THE DANGERS OF TAKING EVIDENCE IN A ONE-SIDED MANNER
This illustrates the dangers of failing to explore the evidence of a witness fully. The statement in this case was not deliberately designed to deceive but the evidence had not been fully explored. In particular the person taking the statement had failed to consider the weak aspects of the case with the witness. This turned out to be a dangerous practice. When the witness was called he supported the other side’s case.
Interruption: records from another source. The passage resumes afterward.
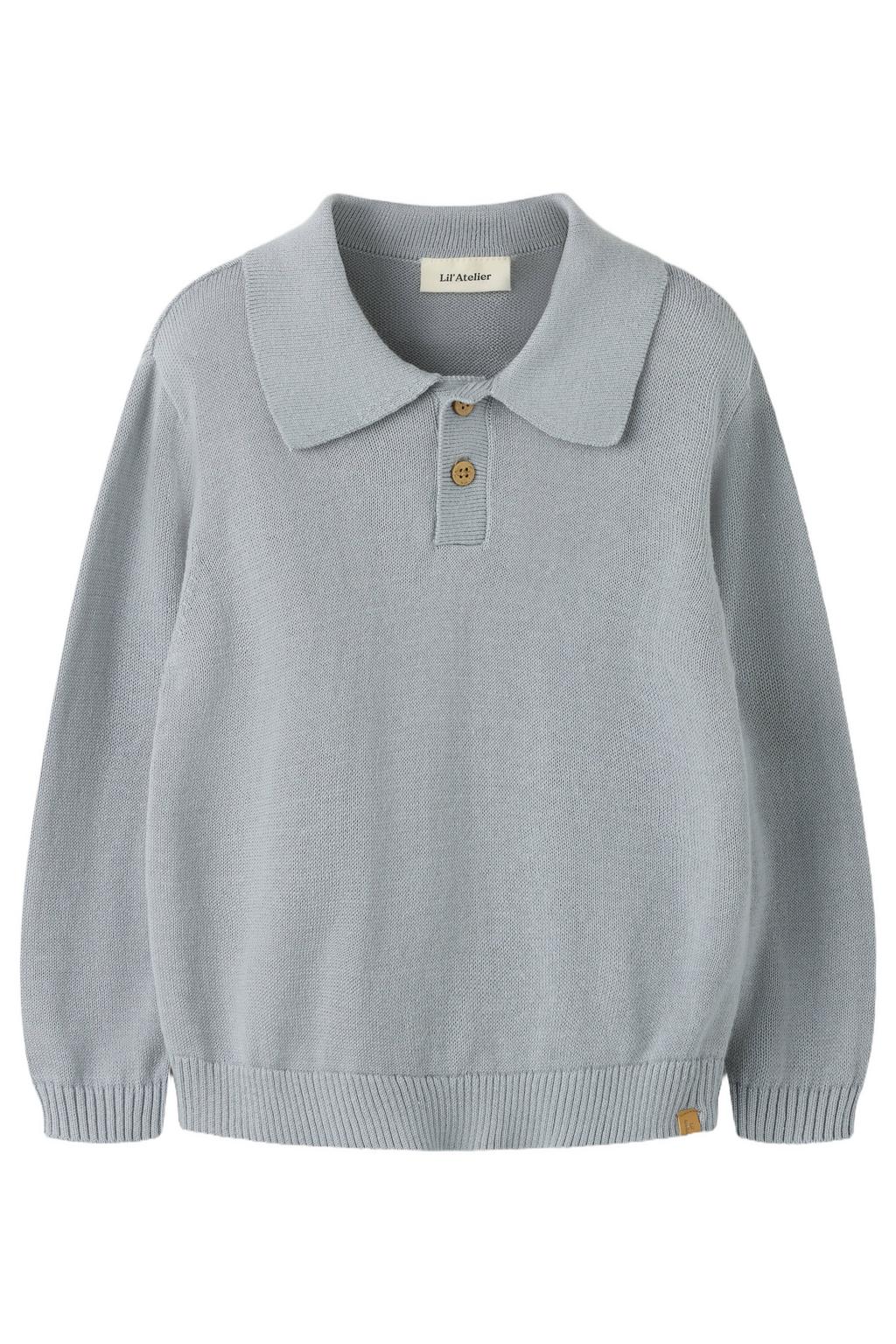 Lichtgrijze jongens LIL' ATELIER MINI oversized polo van katoen met effen, lange mouwen en knoopsluiting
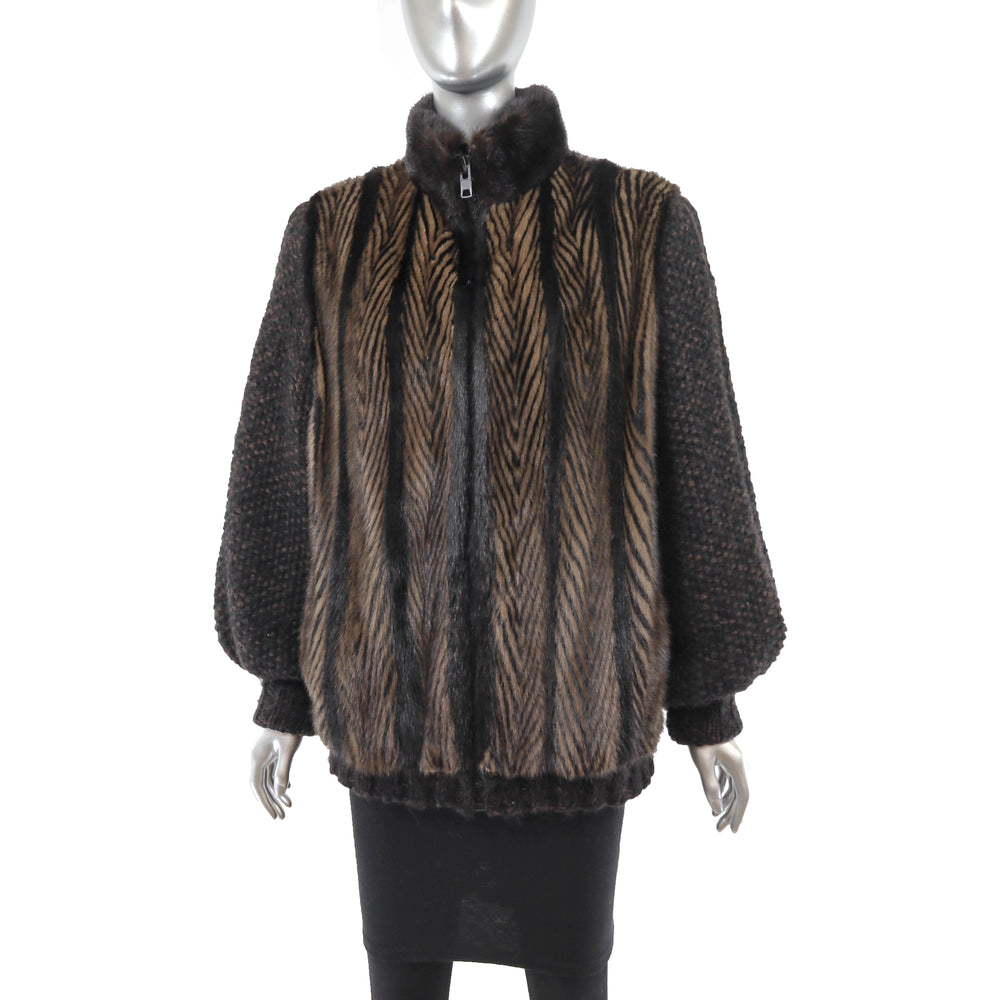 Mahogany Mink Jacket with Knitted Sleeves - Size L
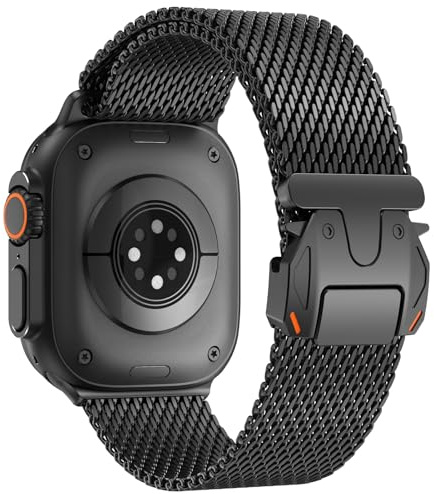 Fullife Ersatzarmband Kompatibel mit Apple Watch Milanese Armband 49mm 46mm 45mm 44mm 42mm(Serie 3 2 1),Metall Edelstahl Armbänder für iWatch Ultra 3 2 1,Series 11 10 9 8 7 6 SE 5 4 3 2 1,Schwarz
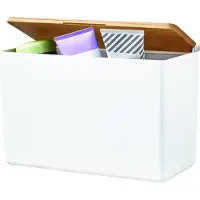 TESA Badkameropberger Baboo - Opbergbox - Met Deksel - Wit - 24,6x21,6x10,6cm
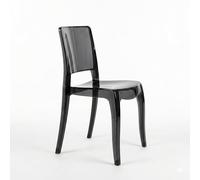 Cribel Set 4 Sedie in Metacrilato Nero Design Moderno con Schienale Ergonomico, Sedia Elegante e Resistente per Cucina, Soggiorno e Sala da Pranzo 51,3x51x92 cm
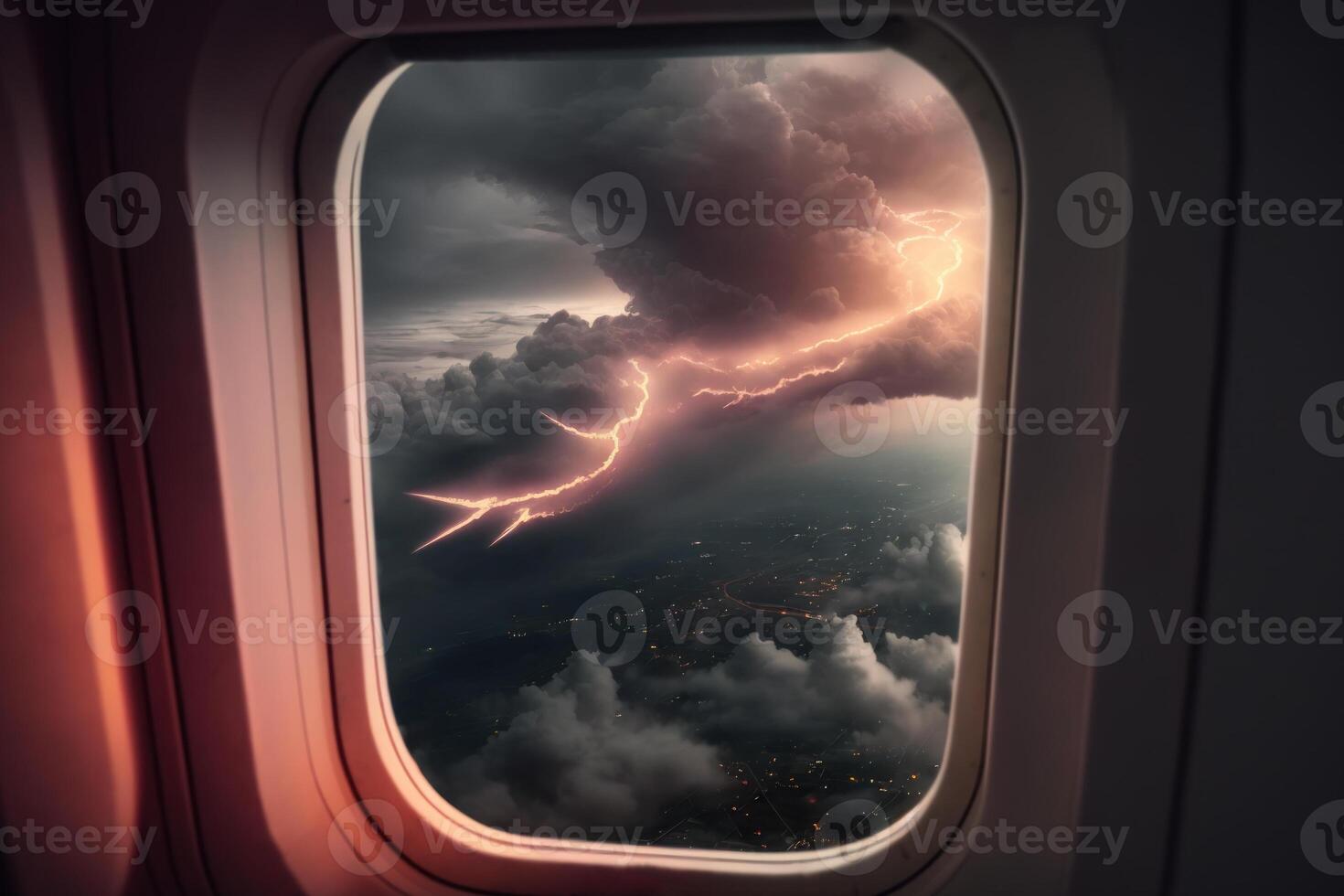 orage ciel à l'extérieur le avion fenêtre génératif ai photo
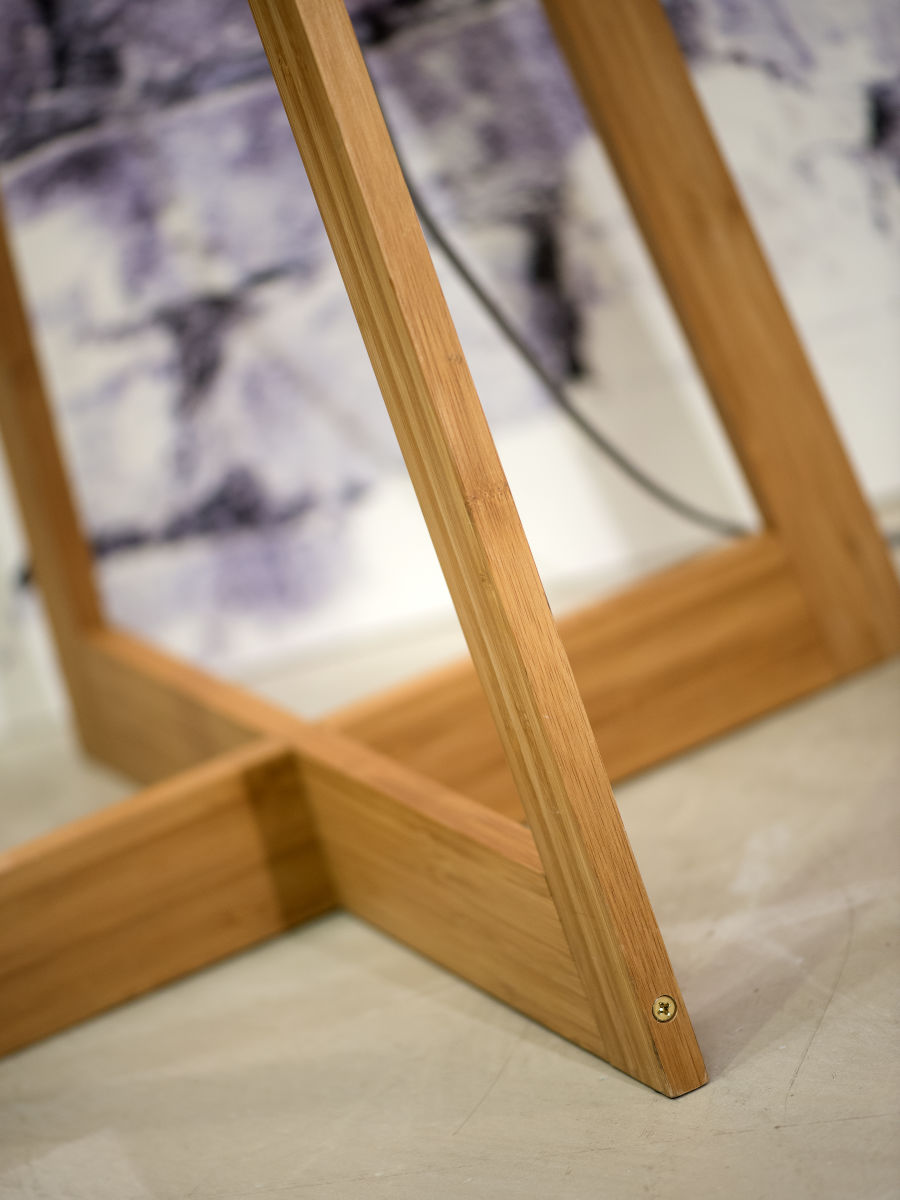 Stehleuchte Bambus Everest Leinen dunkelgrau 60 cm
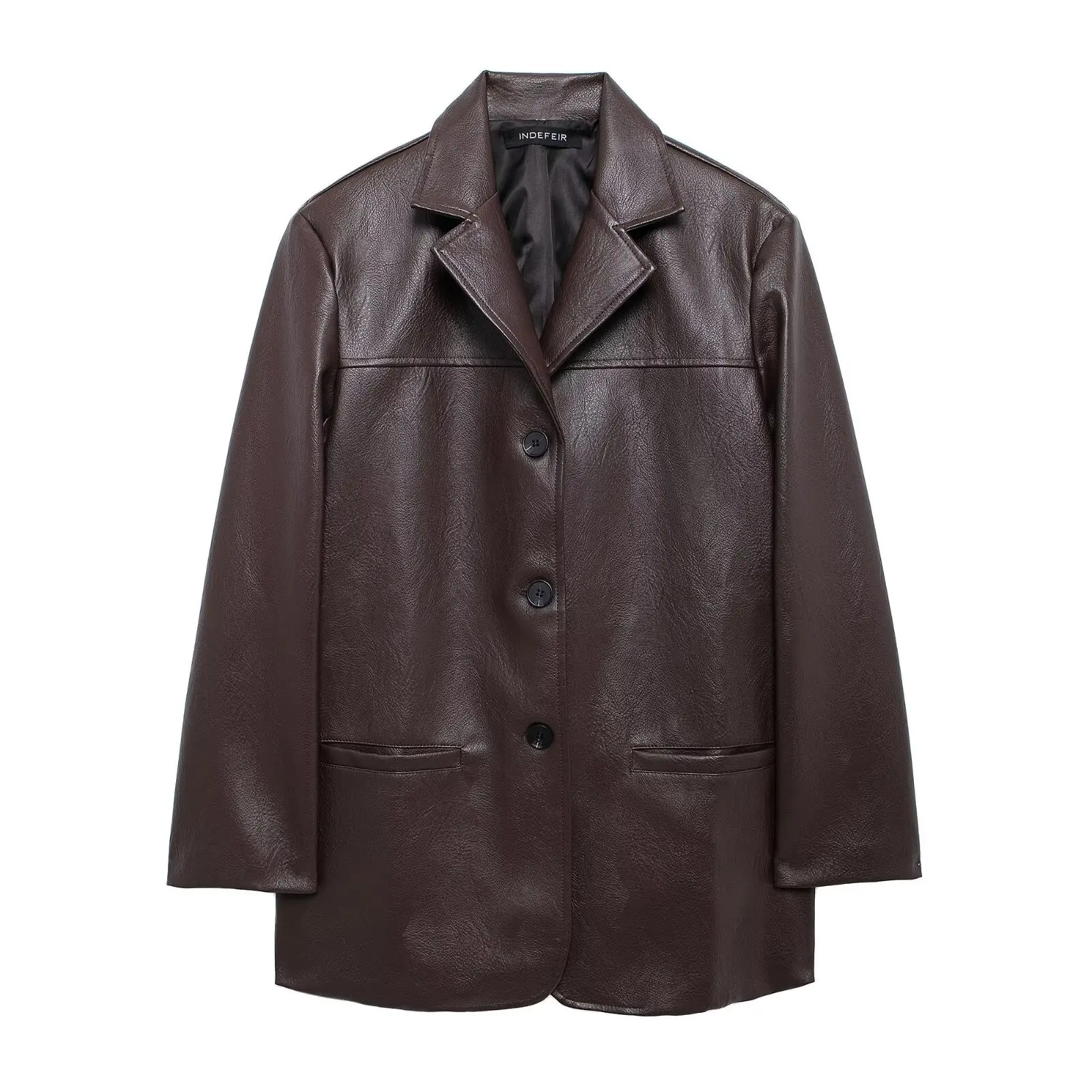 American Retro Women Brown Red PU Leather Blazer Notched Collar Full Sleeve Midi Long Oversized Suits Loose Outerwear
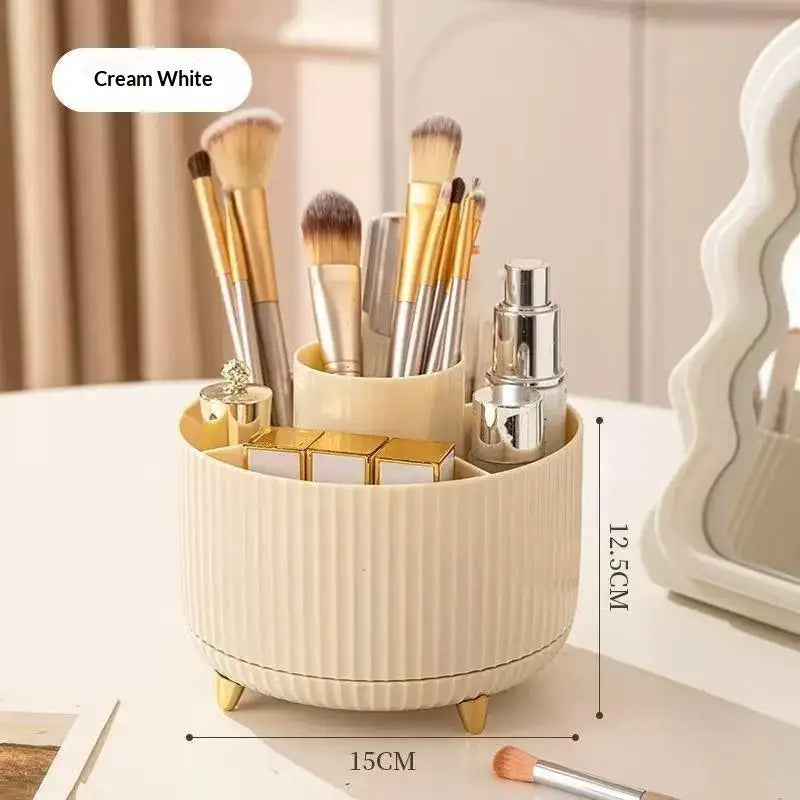 1Pcs 5 Slot Cosmetic Organizer 360° Rotating Makeup Brush Holder For Nail Polishes Skincare Perfumes Desktop Vanity Storage Oasis Select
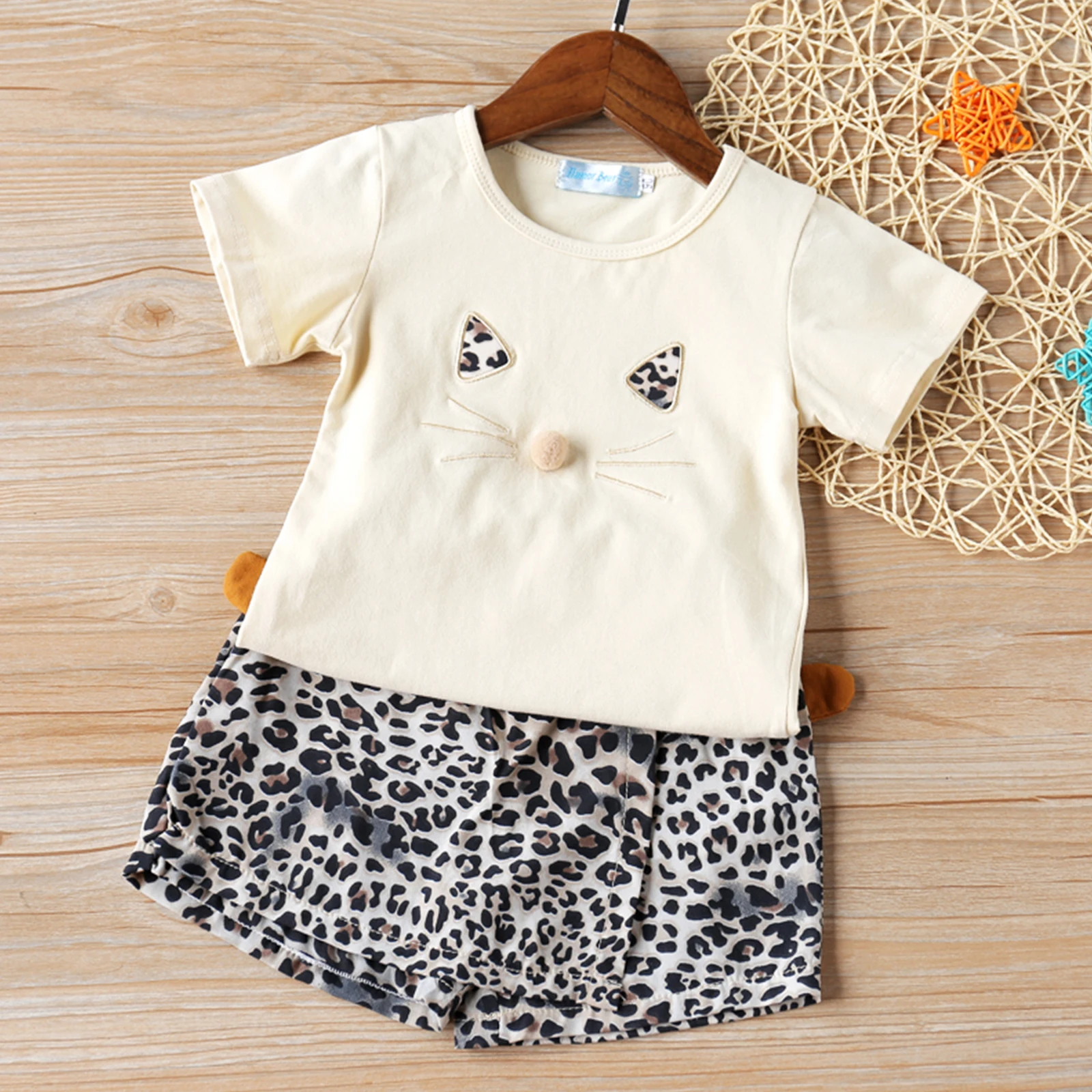 

Toddler Baby Girls Summer Outfit Short Sleeve round neck Cartoon Cat T-shirts Leopard print Skirts shorts 2Piece casual Suits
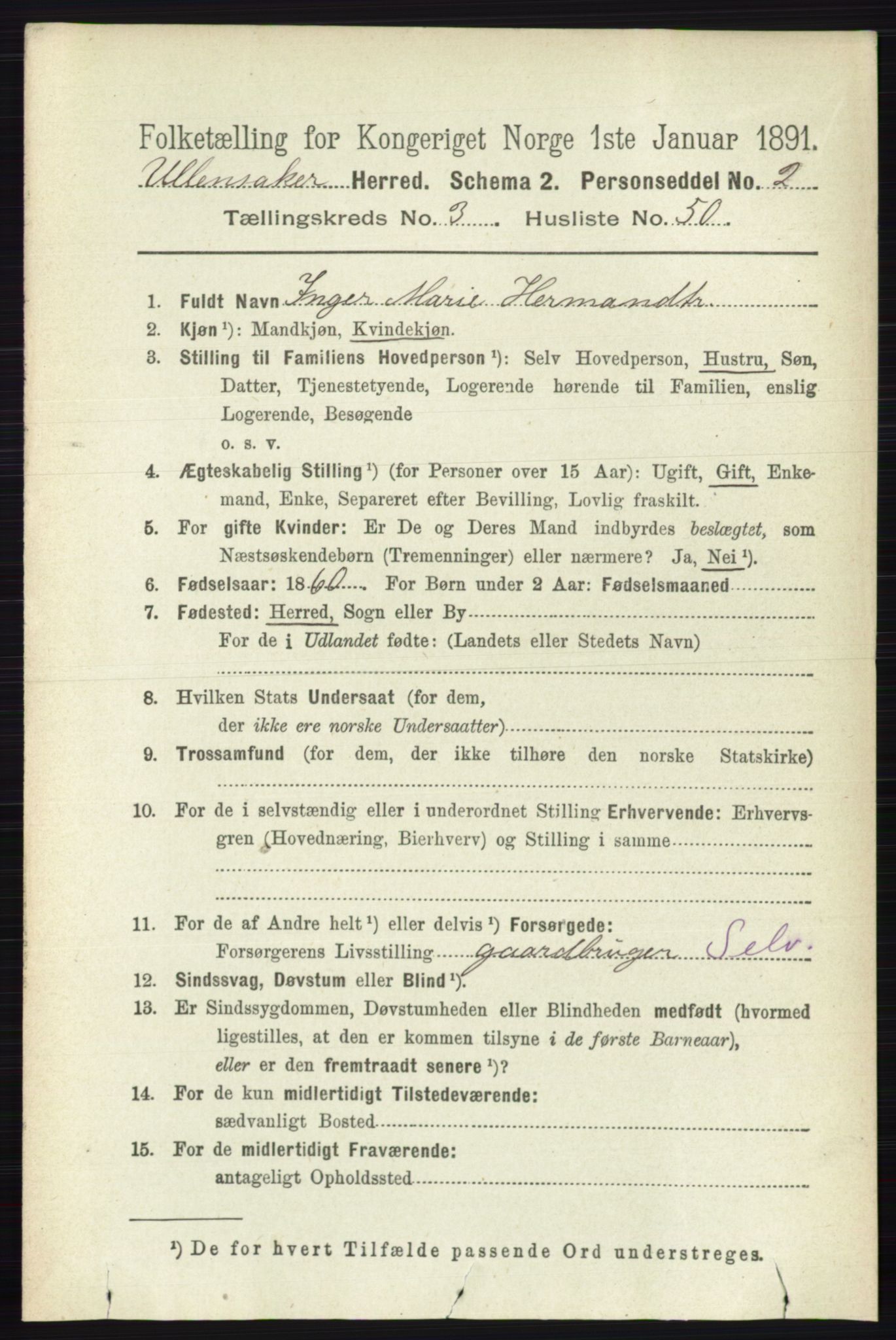 RA, 1891 census for 0235 Ullensaker, 1891, p. 1407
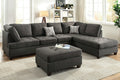 Poundex F6988 2 pc ash black dorris fabric sectional sofa reversible chaise A&J homes studio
There is a real danger of “forensic myopia” when engaged in the task of collecting evidence. Taking a statement on a limited basis can have grave consequences. It can deceive a party as to the strength of their own case; it can lead to fundamental problems at trial. Perfectly reasonable offers of settlement can be ignored. For litigants the results can be catastrophic.
OTHER PLACES TO LOOK
The Kellie case provides an object lesson of the dangers of “confirmation bias” and the need to understand the “psychology of investigations” set out in the earlier blog “Evidence and Psychology: Guidance from the East”
It also pays to read The Questions you Ask will determine the Answers you Get.
A REMINDER OF THE KEY POINTS
The actual process of investigation can prejudice the witness results. This can happen on the part of the person taking the statement and not just the witness. There is a tendency to seek out evidence that supports a view and overlook or ignore the evidence that contradicts it.
PRACTICAL INTERVIEWING TECHNIQUES”
- Ask open questions.
- Use alternative techniques if the interviewee’s memory is particularly weak or vague.
- Have a thorough documentation retention process inplace.
- A person making an investigation should take measures to insulate themselves from confirmation bias.